=== THE PROBLEM ===
Copies of all lines that contain "which" are needed; take them from the data below.

Dataset excerpts
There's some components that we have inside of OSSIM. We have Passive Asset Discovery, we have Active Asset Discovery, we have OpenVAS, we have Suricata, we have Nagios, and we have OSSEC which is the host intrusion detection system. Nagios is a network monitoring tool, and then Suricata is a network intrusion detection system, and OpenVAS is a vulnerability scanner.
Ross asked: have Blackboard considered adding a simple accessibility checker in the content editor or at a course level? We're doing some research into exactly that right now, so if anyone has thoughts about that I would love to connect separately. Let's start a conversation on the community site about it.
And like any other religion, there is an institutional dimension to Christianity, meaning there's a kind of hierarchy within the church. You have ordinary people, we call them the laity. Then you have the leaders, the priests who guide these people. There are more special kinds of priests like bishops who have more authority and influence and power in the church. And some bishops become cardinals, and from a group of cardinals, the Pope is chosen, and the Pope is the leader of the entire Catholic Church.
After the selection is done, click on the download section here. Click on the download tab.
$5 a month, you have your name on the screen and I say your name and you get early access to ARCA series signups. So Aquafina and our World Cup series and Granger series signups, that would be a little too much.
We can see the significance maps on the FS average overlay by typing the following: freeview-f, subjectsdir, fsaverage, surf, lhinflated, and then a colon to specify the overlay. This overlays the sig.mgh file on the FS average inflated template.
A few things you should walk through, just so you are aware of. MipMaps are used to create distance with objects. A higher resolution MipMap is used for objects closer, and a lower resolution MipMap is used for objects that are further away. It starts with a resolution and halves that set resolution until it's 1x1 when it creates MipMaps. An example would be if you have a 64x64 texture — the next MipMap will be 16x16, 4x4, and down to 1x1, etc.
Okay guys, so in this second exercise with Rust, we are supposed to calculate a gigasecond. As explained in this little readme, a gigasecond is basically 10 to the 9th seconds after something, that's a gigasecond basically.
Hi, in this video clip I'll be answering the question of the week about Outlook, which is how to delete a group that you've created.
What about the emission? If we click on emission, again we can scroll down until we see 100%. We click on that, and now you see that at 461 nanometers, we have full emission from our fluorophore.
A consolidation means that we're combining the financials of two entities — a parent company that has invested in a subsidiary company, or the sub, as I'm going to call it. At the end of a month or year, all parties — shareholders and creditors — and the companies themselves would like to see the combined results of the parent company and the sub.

=== SOLVED PROBLEM ===
There's some components that we have inside of OSSIM. We have Passive Asset Discovery, we have Active Asset Discovery, we have OpenVAS, we have Suricata, we have Nagios, and we have OSSEC which is the host intrusion detection system. Nagios is a network monitoring tool, and then Suricata is a network intrusion detection system, and OpenVAS is a vulnerability scanner.
Hi, in this video clip I'll be answering the question of the week about Outlook, which is how to delete a group that you've created.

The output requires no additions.